Dataset records.
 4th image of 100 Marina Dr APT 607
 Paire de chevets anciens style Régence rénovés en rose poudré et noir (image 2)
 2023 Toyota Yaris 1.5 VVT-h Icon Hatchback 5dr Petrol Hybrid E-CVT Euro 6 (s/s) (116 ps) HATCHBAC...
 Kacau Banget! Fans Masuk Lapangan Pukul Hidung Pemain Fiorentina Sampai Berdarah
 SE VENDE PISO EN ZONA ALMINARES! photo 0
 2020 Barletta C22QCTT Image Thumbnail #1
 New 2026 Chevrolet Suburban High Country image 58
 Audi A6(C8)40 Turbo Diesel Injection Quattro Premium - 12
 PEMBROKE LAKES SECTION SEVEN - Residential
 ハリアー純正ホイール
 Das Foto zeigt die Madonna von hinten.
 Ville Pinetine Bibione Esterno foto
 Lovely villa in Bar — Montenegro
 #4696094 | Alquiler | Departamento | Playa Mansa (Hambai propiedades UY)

What you should do. Transcribe the material above in its entirety, precisely as written.

Exercise solution.
 4th image of 100 Marina Dr APT 607
 Paire de chevets anciens style Régence rénovés en rose poudré et noir (image 2)
 2023 Toyota Yaris 1.5 VVT-h Icon Hatchback 5dr Petrol Hybrid E-CVT Euro 6 (s/s) (116 ps) HATCHBAC...
 Kacau Banget! Fans Masuk Lapangan Pukul Hidung Pemain Fiorentina Sampai Berdarah
 SE VENDE PISO EN ZONA ALMINARES! photo 0
 2020 Barletta C22QCTT Image Thumbnail #1
 New 2026 Chevrolet Suburban High Country image 58
 Audi A6(C8)40 Turbo Diesel Injection Quattro Premium - 12
 PEMBROKE LAKES SECTION SEVEN - Residential
 ハリアー純正ホイール
 Das Foto zeigt die Madonna von hinten.
 Ville Pinetine Bibione Esterno foto
 Lovely villa in Bar — Montenegro
 #4696094 | Alquiler | Departamento | Playa Mansa (Hambai propiedades UY)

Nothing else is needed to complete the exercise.